After doing the assigned reading for this week and reading what Riverbend had posted in the month of September, I have found a subject I would like to look further at. I have chosen to look at Ahmed Chalabi; he was on the council for the INC (Iraqi National Council). This council was funded and backed by the United States Government because it was geared toward kicking Saddam Hussein out of power when he was the president of Iraq. Riverbend often refers to Ahmed Chalabi as a “puppet” and he in some sense was our puppet. He gained intelligence for the United States while we were investigating the actions of Iraq pre-invasion and his information led to our invasion. Chalabi has had a falling out with the United States because of some statements that he has made on national television about his involvement with the war. After the falling out with the United States Chalabi has since attempted a seat in the parliament, but has failed to do so.
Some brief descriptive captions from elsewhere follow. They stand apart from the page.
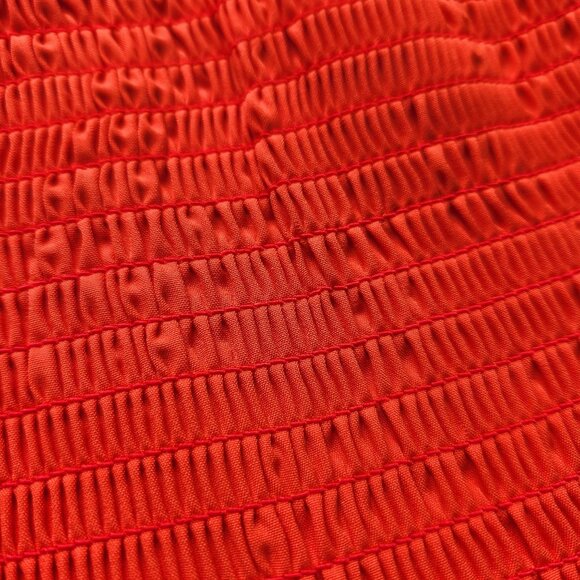 Silk & Salt Smocked Tiered Orange Maxi Dress Flowy Lightweight Summer Boho Cute - Picture 6 of 11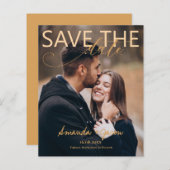 Elegante Script Photo Modern Wedding Save the Date (Voorkant / Achterkant)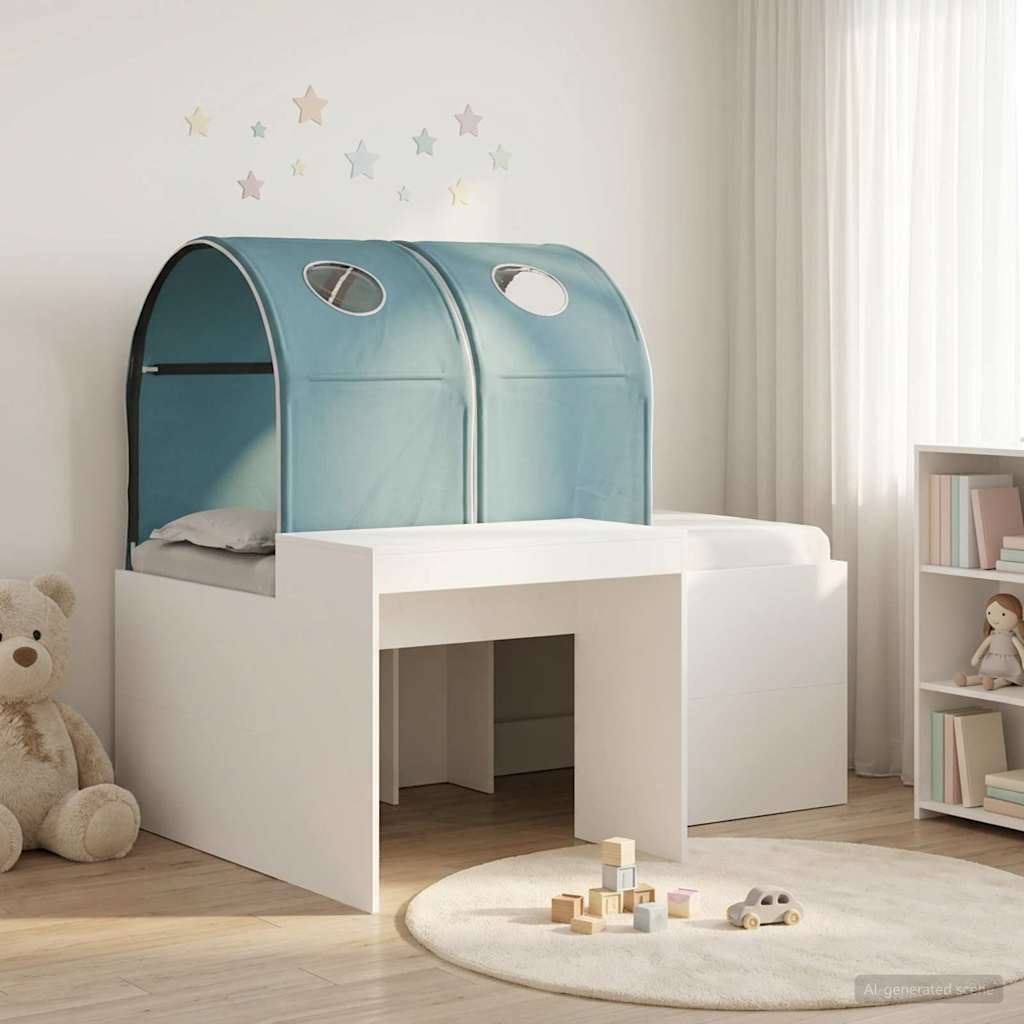 Bed with Tunnel 3 pcs Engineered Wood White and light blue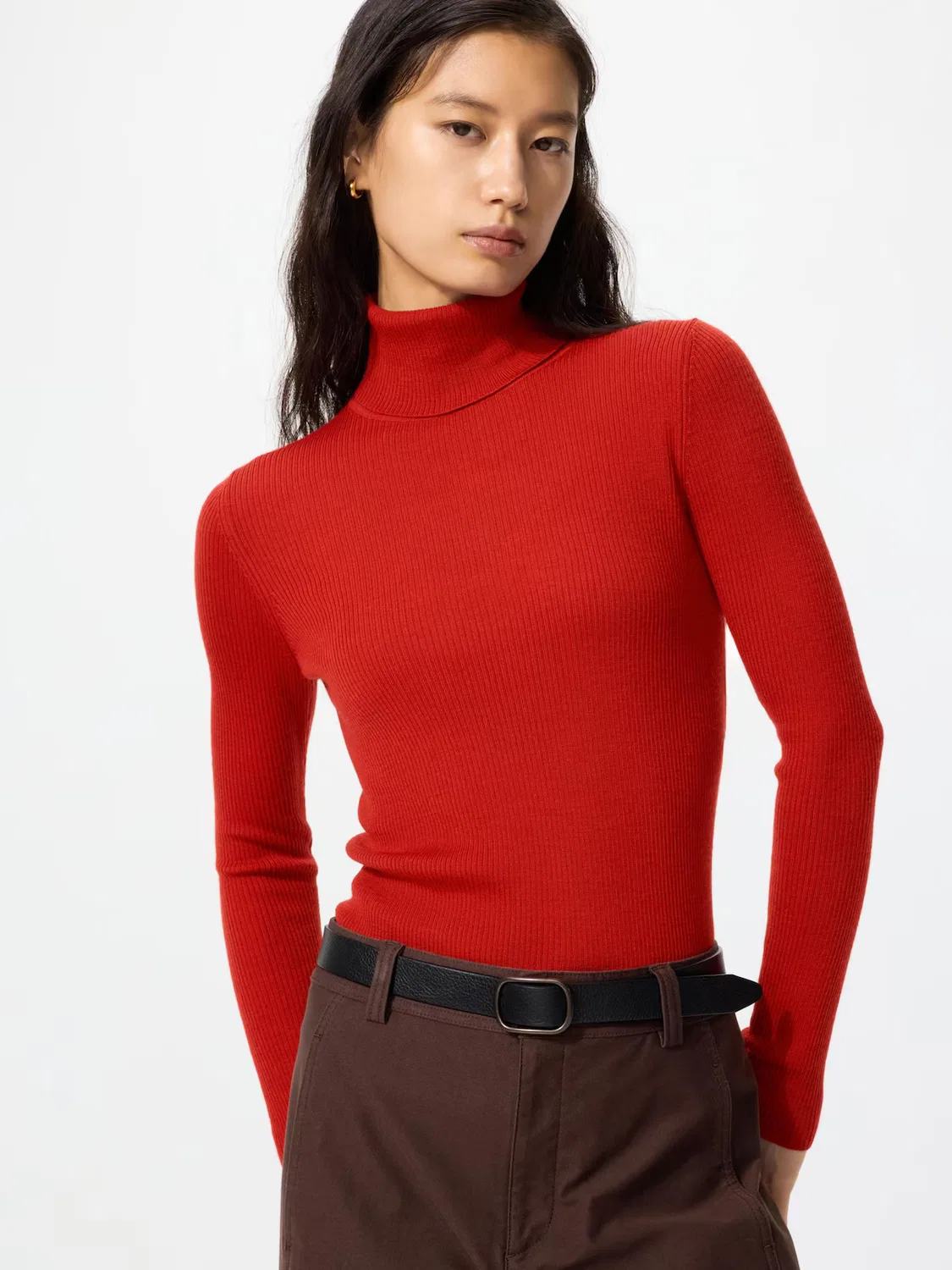 Свитер Uniqlo, из мериносовой шерсти в рубчик, красный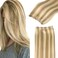 GOO GOO Sew in Hair Extensions Real Human Hair, Weft Hair Extensions Human Hair, 16/22 Light Blonde Highlighted Golden Blonde 22inch 110g, Weft Bundles Straight Silky Remy Hair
Recently he has been in the news for being selected with others to head the Iraqi service’s committee. This board has the task of repairing health, education and other aspects of Baghdad that need attention.
Wikipedia, “Ahmed Chalabi”, Wikipedia, 11 November 2007,

HW 30b: Response to Scott Ritter

While at the Citizenship Symposium at Keene State College, I decided to drop in on the symposium entitled “Citizen Soldiers’ and Global Warriors: Challenges of Iraq.” The speaker for this session was former UN weapons inspector Scott Ritter. Mr. Ritter was very focused on the constitution and how it pertains to the American people. He says that we as citizens are here to defend the constitution and to protect our country. Ritter seemed a little too raw for me and while I respect that he has his own opinion and that he is not afraid to express it, I do not agree with his views. I feel that even if you were not born in the United States you can be classified as a U.S. citizen. It is not fair to exclude someone because they are not born in a certain place, a citizen should have more meaning than that.